* [What you have to do] Word for word, set down the lines from the one that contains "MAJOR PETERS BLOODY" through the final line of the data; no pictures belong in the copy.

* [Records for the exercise]
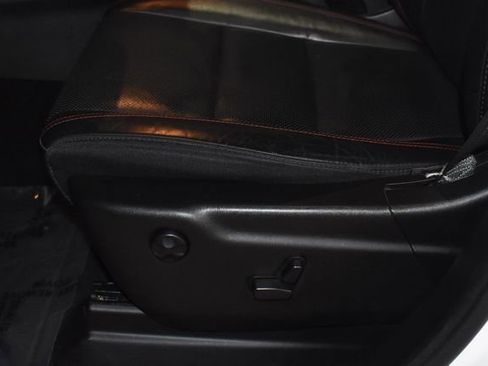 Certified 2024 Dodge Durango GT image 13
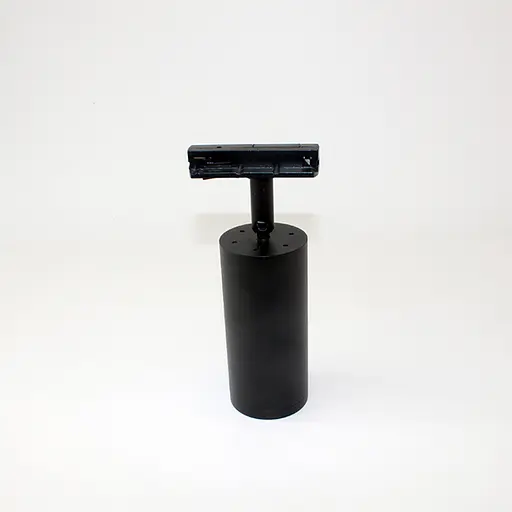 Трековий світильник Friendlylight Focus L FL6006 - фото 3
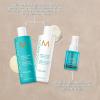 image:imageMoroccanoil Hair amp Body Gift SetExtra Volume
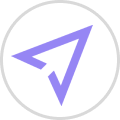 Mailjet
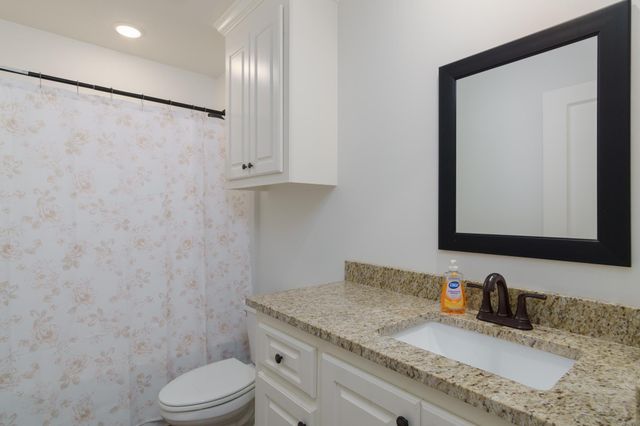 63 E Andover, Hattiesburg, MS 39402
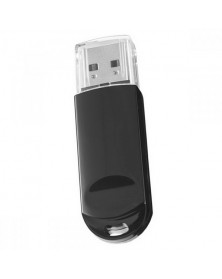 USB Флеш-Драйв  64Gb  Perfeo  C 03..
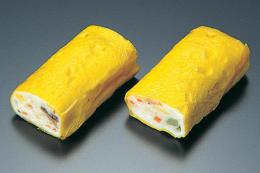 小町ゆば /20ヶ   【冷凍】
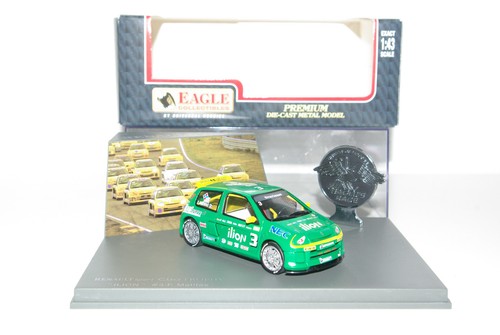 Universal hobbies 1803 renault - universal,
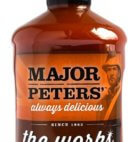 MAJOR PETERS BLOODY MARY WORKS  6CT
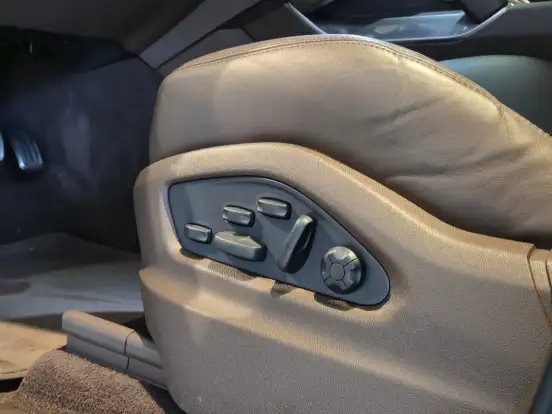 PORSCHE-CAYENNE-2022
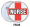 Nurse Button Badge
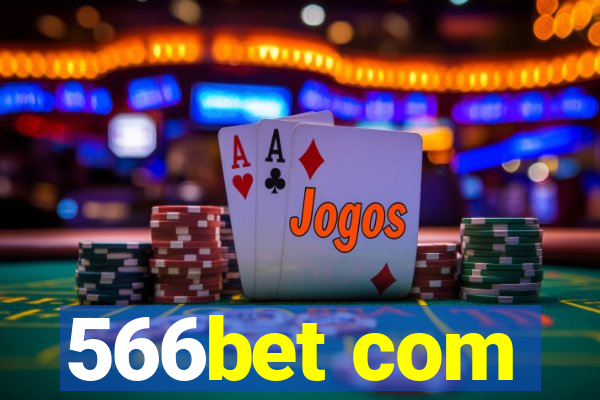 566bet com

* [Answer]
 MAJOR PETERS BLOODY MARY WORKS  6CT
 PORSCHE-CAYENNE-2022
 Nurse Button Badge
 566bet com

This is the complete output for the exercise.